Yulius juga menginstruksikan agar perangkat daerah lebih disiplin menggunakan energi baik bahan bakar minyak (BBM), listrik, maupun air di lingkungan kerja. Pengawasannya akan dilakukan oleh Inspektorat bersama Satpol PP dengan cara patroli rutin setelah jam kerja.
2. Eselon II tetap ngantor

Sayangnya, kebijakan WFH tersebut tidak berlaku bagi pejabat Eselon II. Mereka tetap wajib ngantor sebagai bentuk tanggung jawab jabatan.
"Kalau tidak siap dengan tanggung jawab ini, silakan angkat tangan.
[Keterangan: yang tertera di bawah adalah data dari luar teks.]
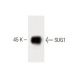 SUG1 Antibody (35) - Western Blotting - Image 60212 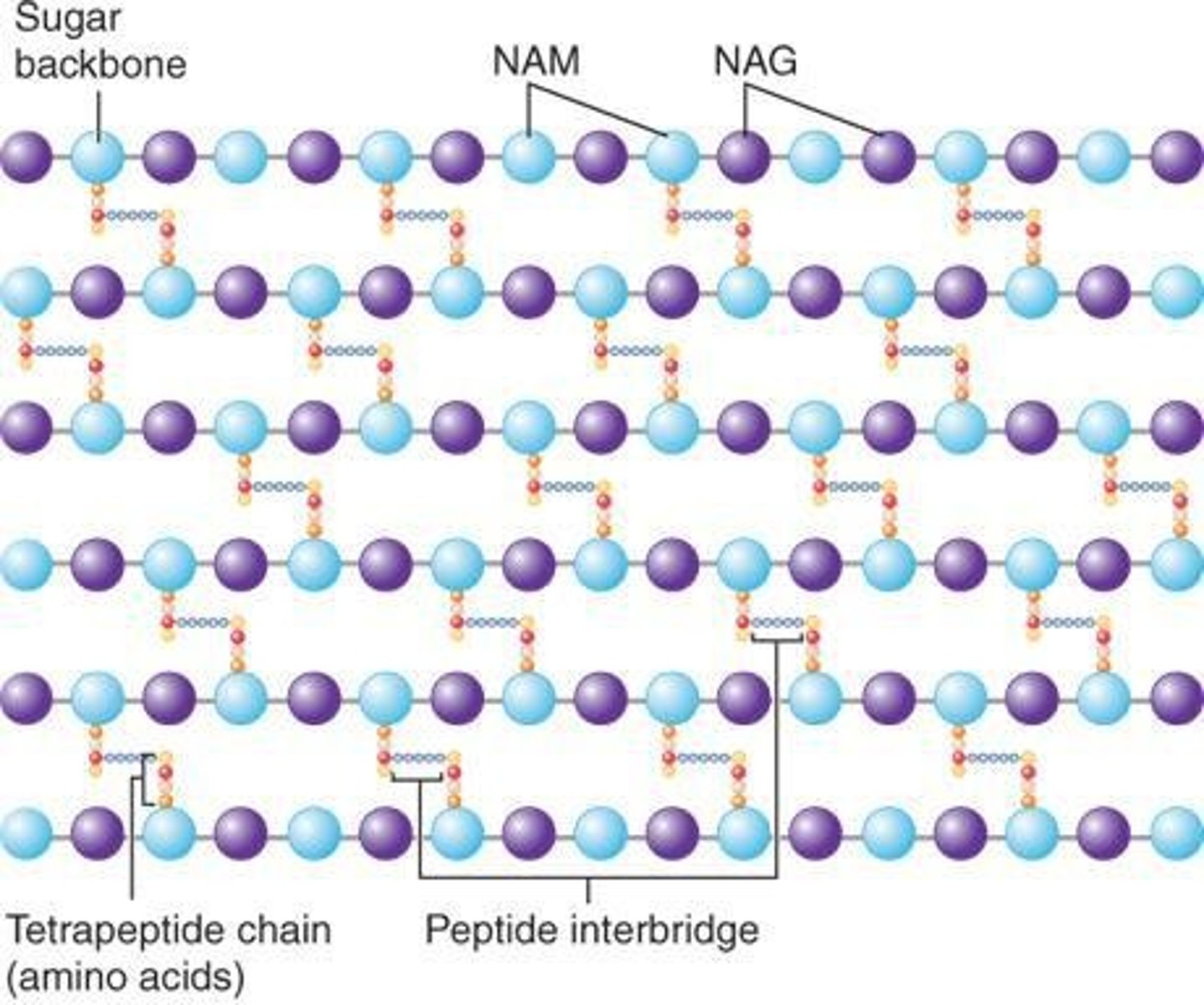 <p>Peptidoglycan consists of long sugar chains joined by peptide cross-links, forming a mesh-like exoskeleton.</p>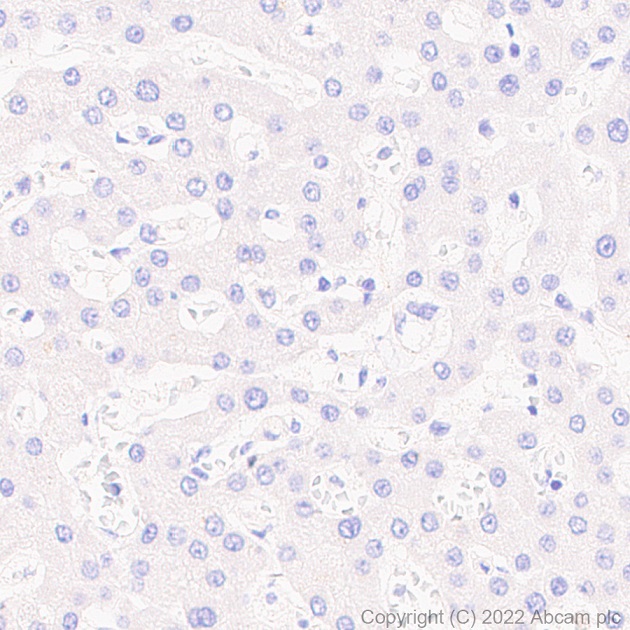 Immunohistochemistry (Formalin/PFA-fixed paraffin-embedded sections) - Anti-NrCAM antibody [EPR15654] - Neuronal Marker (AB191418)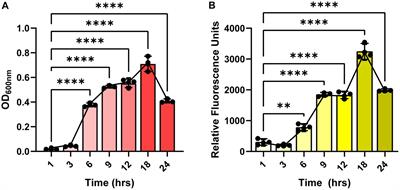 Bacterial metabolites influence the autofluorescence of Clostridioides difficile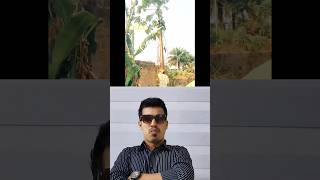 Try Not To Lough 🤣 Funny Video #shorts #funny #youtubeshorts #viral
Banyak yang antre ingin menggantikan," tuturnya.
Selain Pemprov Sulut, Sekretariat DPRD Sulut juga menerapkan kebijakan yang sama. WFH akan berlaku pada Rabu dan Kamis.
3. Tetap fleksibel

Plt Sekretaris DPRD Sulut, Niklas Silangen, mengatakan bahwa kebijakan ini tetap fleksibel. Jika ada kegiatan yang menuntut kehadiran pada Rabu dan Kamis, maka pegawai terkait wajib masuk kantor.
"Misalnya ketika ada RDP, rapat paripurna, ya tetap harus masuk kantor," ujar Niklas.
Selama WFH, ASN wajib absen di sistem kepegawaian. Selain itu, pengawasan kinerja dilakukan melalui delegasi tugas yang wajib dituntaskan.